For instance, when it comes to a cpu, since it’s just transistors switched on or off, that could be run on photons instead of electrons. So I did a quick search, and I did see a good article on quantum photo-transistors.

I had done a similar search a few years ago and got nothing. The article above is 4 months old, but it is news to me:)
Now, not every system in a pc could be run on photons, I get it. The amplifiers for display and audio output would still need to be there. But the cpu, gpu, ram, chipset, and drives could all be run on photons. And it would stay near room temperature:)
And even though the transistors in the article were for quantum computing. there is no reason it could not be used for standard computing right now. And they can operate the transistors at 10 billion photonic qbits per second. That is almost twice the speed of a turbo on a modern intel chip. And judging by the size they got it down to, 1 million transistors for the size of a salt grain, we wouldn’t need a die shrink to 7nm to save power, increase transistor count, or to kick ass in fps games. All in a fanless pc.
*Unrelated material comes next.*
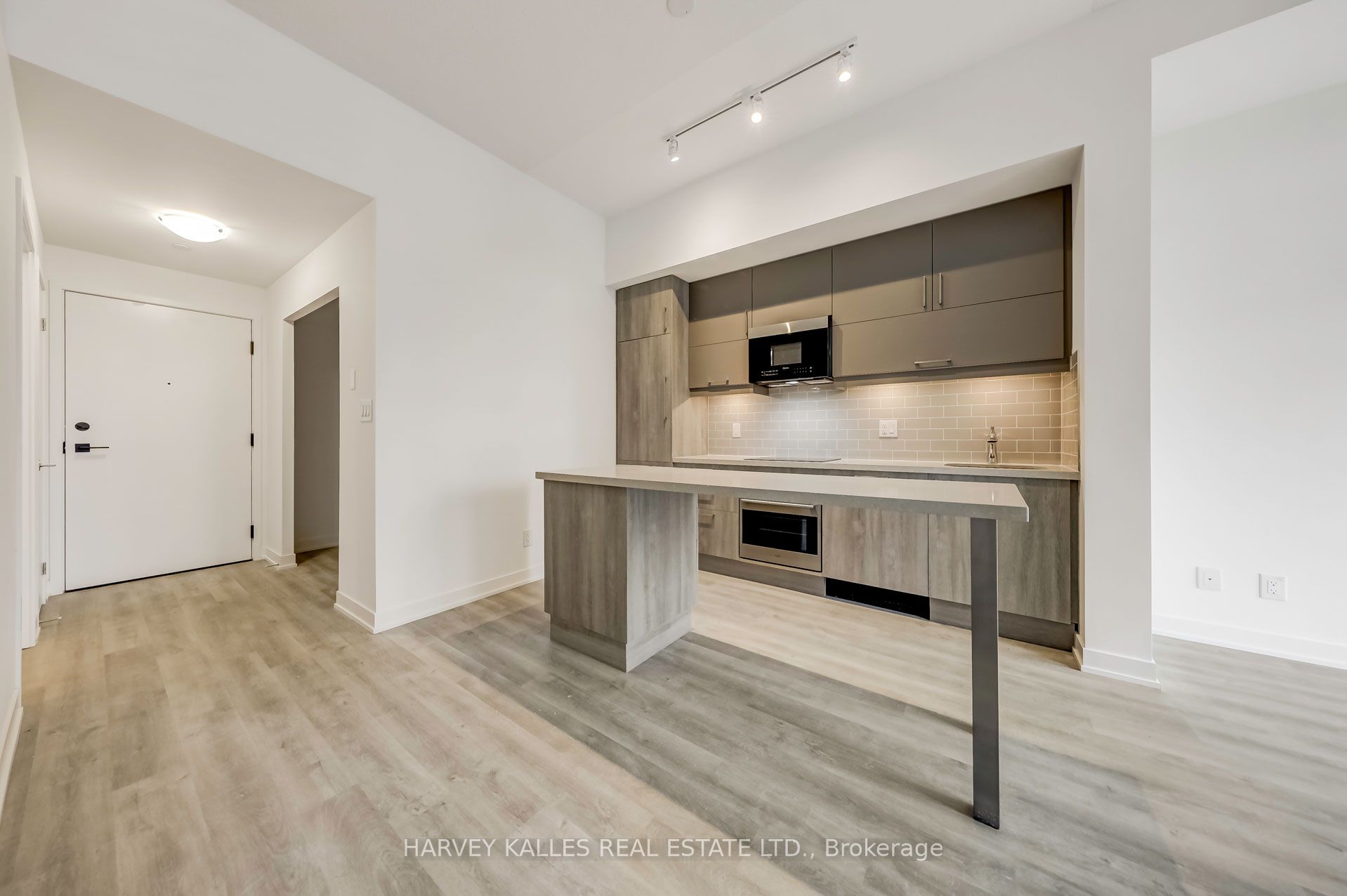 8119 Birchmount Road 1006 Property Photo 12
Then it got me to thinking, again.
I can see a possible future where instead of just electrical power lines running into our homes, we might also have a secondary fiber line. Appliances will need electrons, but our lights can be powered directly by photons. That would probably cut grid demand by around 20%.
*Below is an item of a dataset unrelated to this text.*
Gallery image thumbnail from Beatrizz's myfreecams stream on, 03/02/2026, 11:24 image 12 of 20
With light hubs scattered around, we could have a light grid along side our existing power grid, harvesting sunlight by day, and some leds running in hubs at night.
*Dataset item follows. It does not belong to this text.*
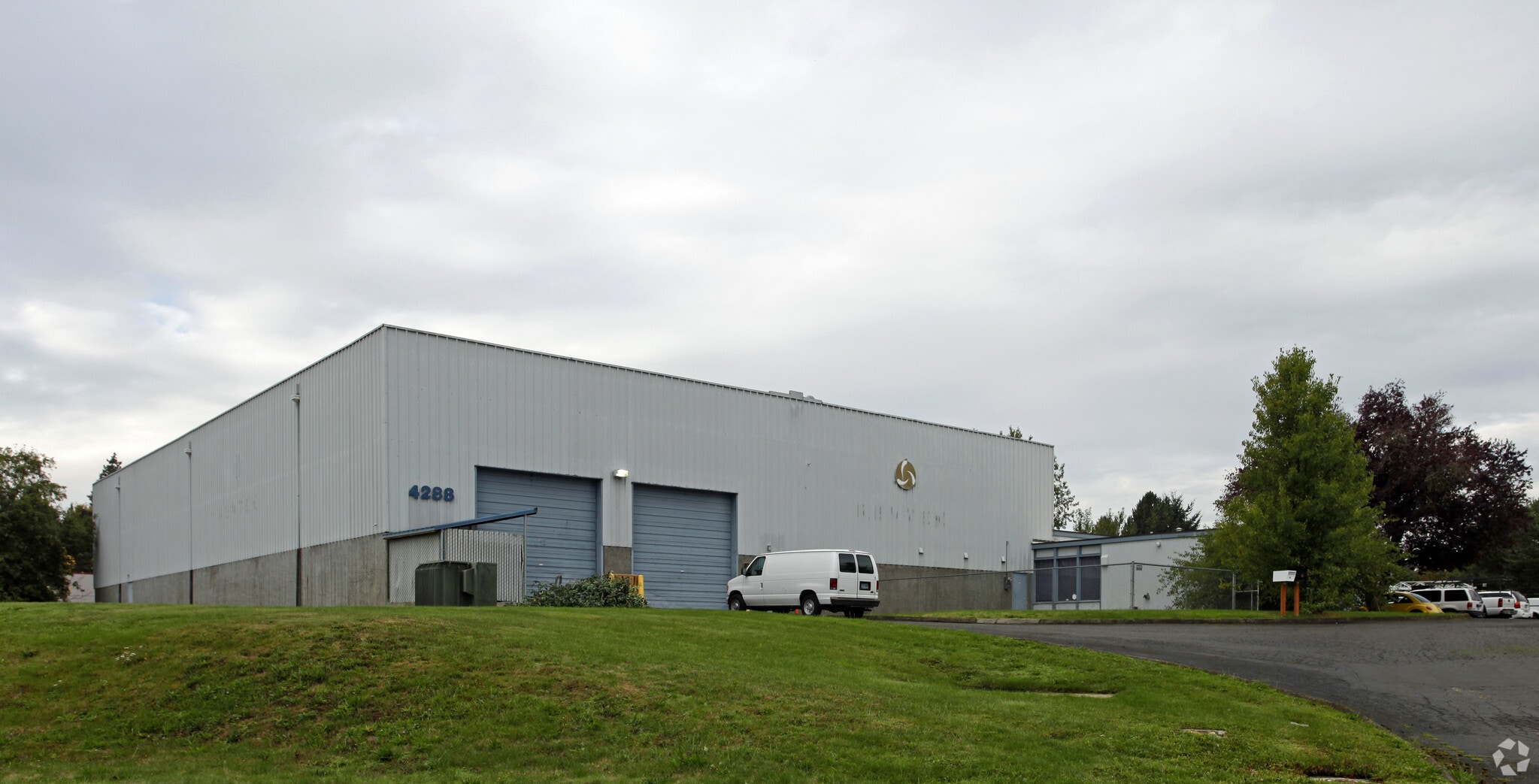 4288 SE International Way, Milwaukie, OR for lease Primary Photo- Image 1 of 11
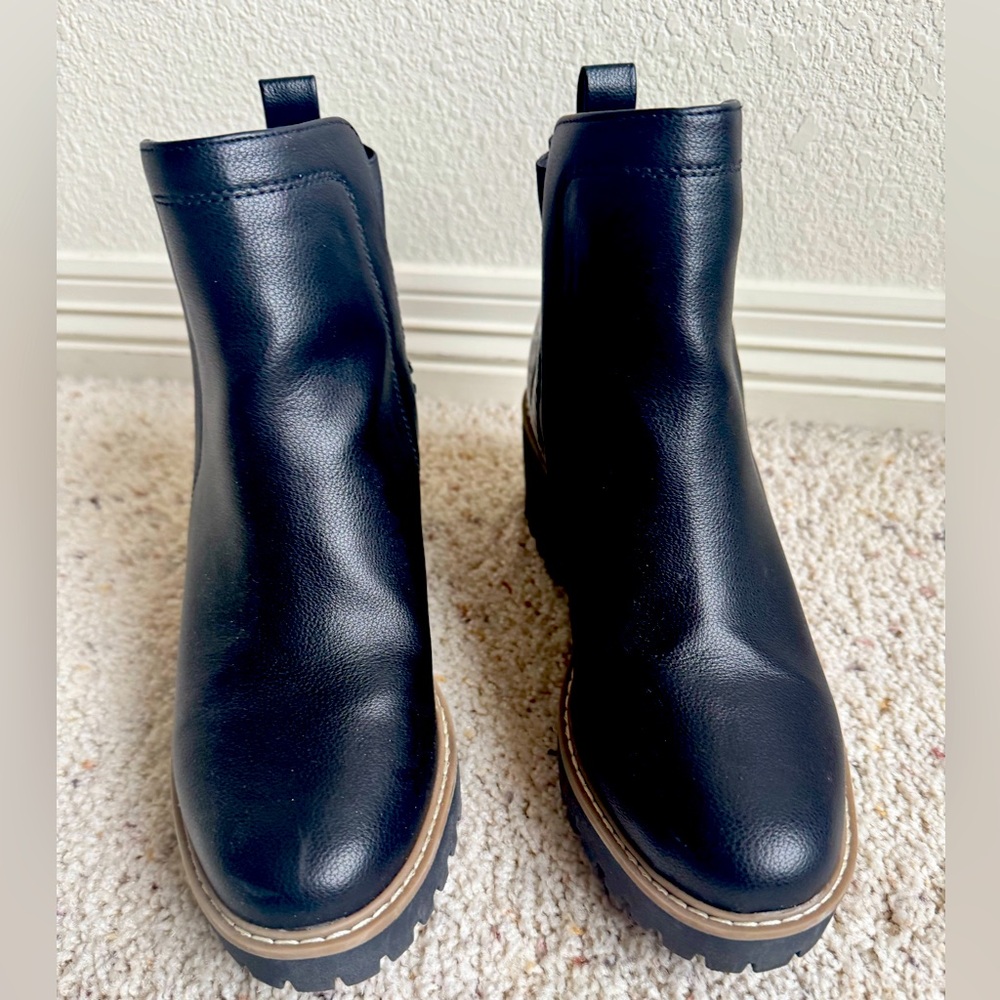 Dolce Vita Women’s Round Toe Boot- Rielle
Now, even though I have a phd in thingeemajiggerology, I am no light scientist. But I believe the transmission of photons is far more efficient than electrons.
I realize by the time a decent light processor comes out, I will probably live in a senior center, burping my colostomy bag on the other seniors for fun, but a guy has to dream, right?
And I am genuinely curious as to what technology predictions others might have. What do you all see in the near future that is bad-ass?

OK, I wanted to edit this with an idea for a light transistor. You could have like a 2 watt led that can output white light that can be broken down into, say, 10 individual colors. Each color of light could move through the transistors independent of the other colors. Cheap processors could do about 10 colors, while higher-end production oriented cpu’s could split the light into 100 or more colors. This would be tantamount to 10 threads, or 100 thread processors:)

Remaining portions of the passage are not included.